At a base level, at every stage of this pandemic we have seen business leaders required to reassess their working practices and operations, and quickly. In March, as lockdown came into effect, the British government instructed everyone to work from home where possible, resulting in unprecedented numbers of workers staying at home – 60% of the UK’s adult population, according to one survey.

 

Now, as lockdown eases and we enter a phase of new normality, business leaders must weigh-up a new question: whether office space will be a necessity or a burden for their business in the future.

 

Evidently, there are many nuances to this decision; there is no one-size-fits-all solution to where next for the workplace.

 

While some, such as law-firm Slater and Gordon, are taking the bold move to completely close their London offices, for others the office remains of key importance to their business: a place to collaborate, build business relationships, or simply to socialise with colleagues.

 

From a commercial property perspective, what’s certain is the ‘traditional’ office as we know it will need to change to meet shifting market demand.
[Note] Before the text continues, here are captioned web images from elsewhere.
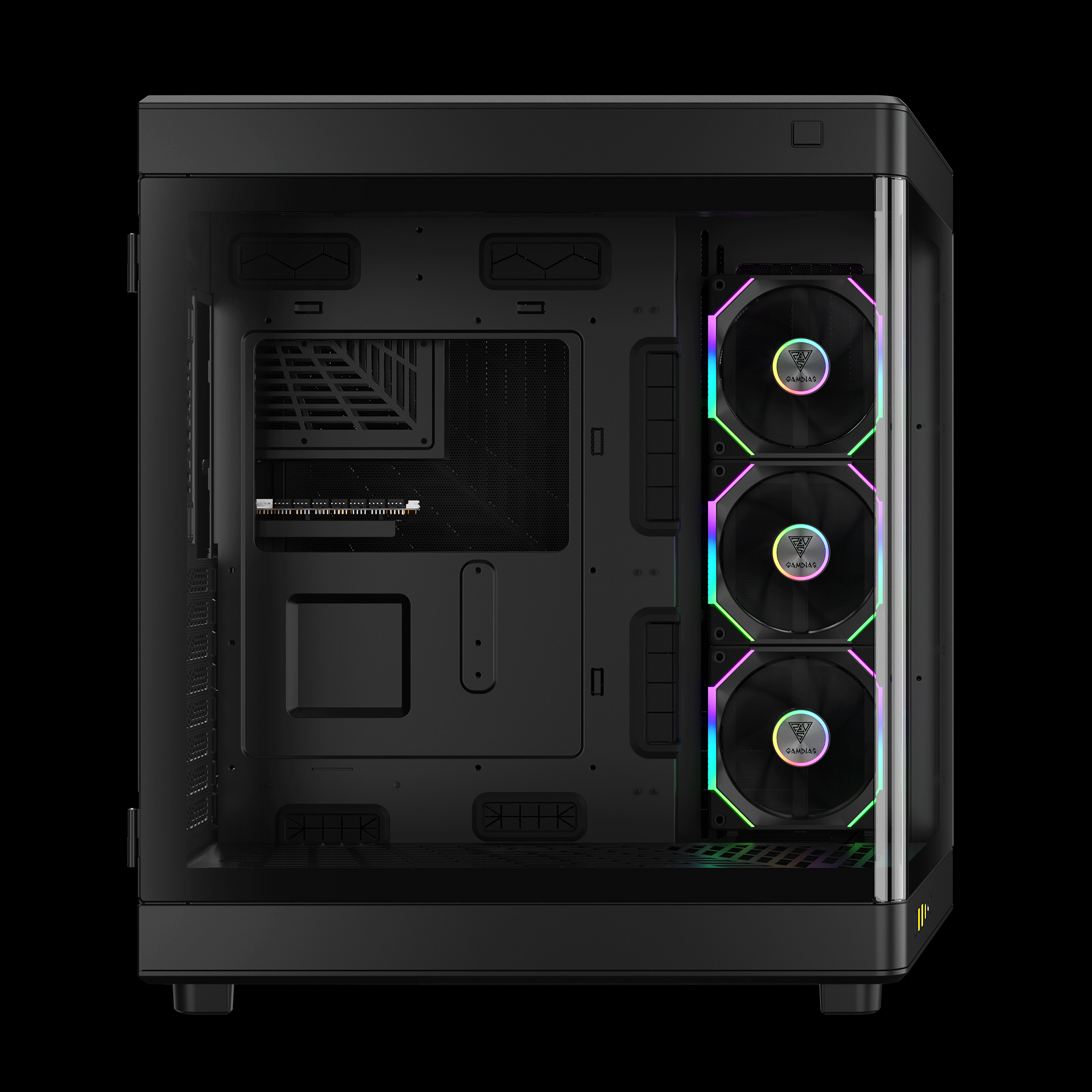 GAMDIAS NESO P1 PRO ARGB Full ARGB Gaming Case - Black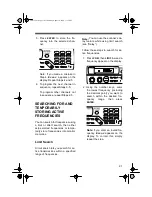 Предварительный просмотр 21 страницы Radio Shack 20-414 Owner'S Manual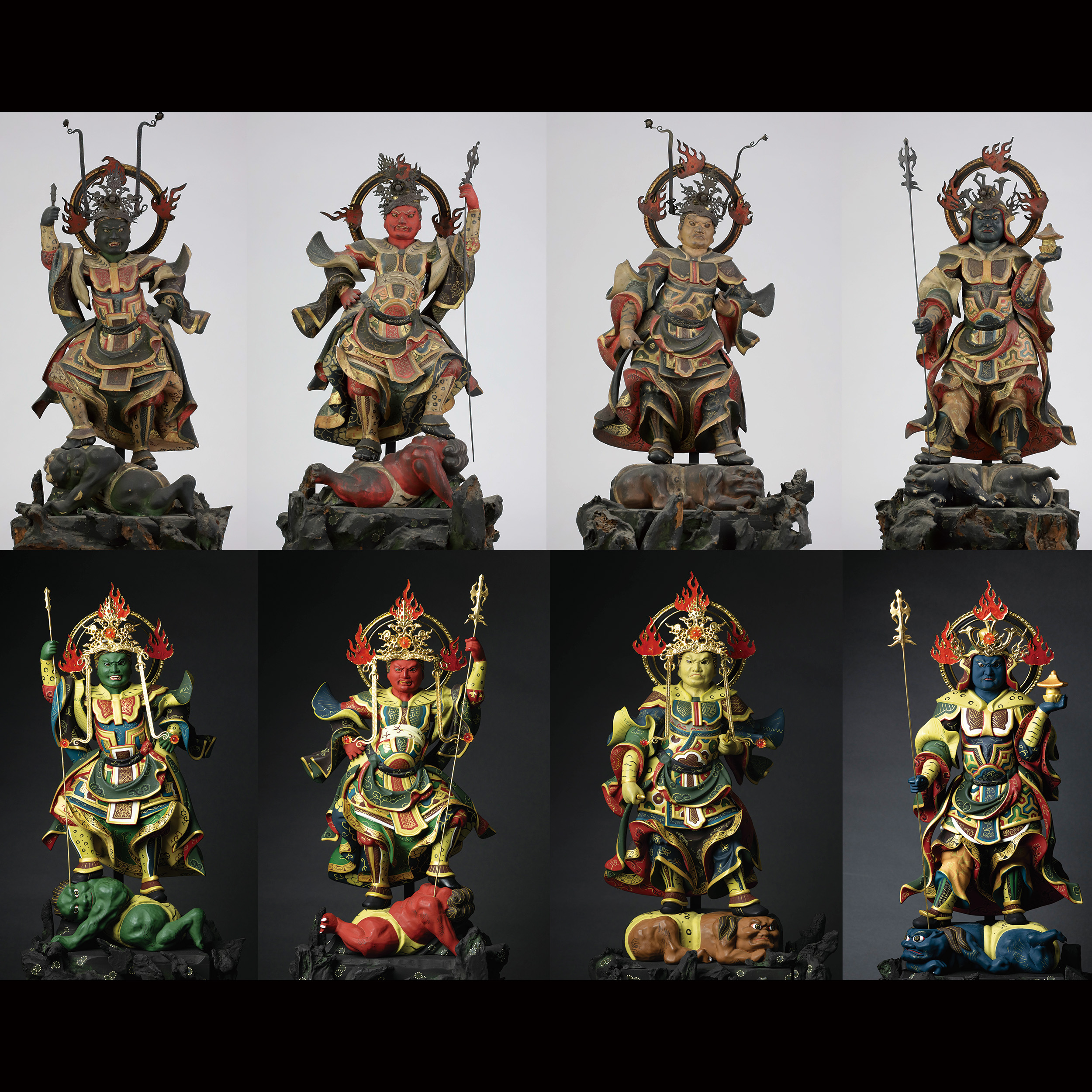 愛染明王と四天王の修復が完了しました。 | 京都の仏師 宮本我休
Expensive, fixed-term leases and costly real estate portfolios could soon become redundant, rather than a symbol of growth and success.

 

The co-working movement

 

Shared offices and co-working spaces could be a first port of call for many. Pioneered globally by the likes of WeWork, Impact Hub and Your Alley, what has typically been regarded as a trendy mode of working beloved by start-ups is now starting to become recognised as an efficient option for those seeking flexibility without the long-term commitment of a fixed-term lease. Often offering monthly pricing models, most co-working providers offer service packages ranging from renting a single desk, to office suites and entirely customised builds.

 

With many employees still on the Government’s furlough scheme, and businesses facing question marks over the future size and structure of their workforce, having the ability to scale up or down at short notice could be an appealing prospect.

 

Property developers are beginning to bet on the rise of a co-working trend, too. I have spoken previously of London Westfield’s plans to turn House of Fraser into a co-working space. An upcoming development in South-East London will also see new co-working space built to support local business in the area.

 

But this is not to say that co-working is a catch-all solution. With multiple organisations potentially sharing the same workspace, hygiene and - as such - the safety of staff could potentially be harder to manage.

 

It’s worth noting, too, that co-working spaces themselves have not been without their share of struggles. During the pandemic, WeWork was forced to make 8,000 job cuts and saw its valuation sink to $2.9bn, compared to its $47bn valuation just last year. Despite a bleak outlook earlier in the year, though, the company’s chairman Marcelo Claure recently told the Financial Times that WeWork had seen “strong demand” for its spaces since the outbreak of the virus.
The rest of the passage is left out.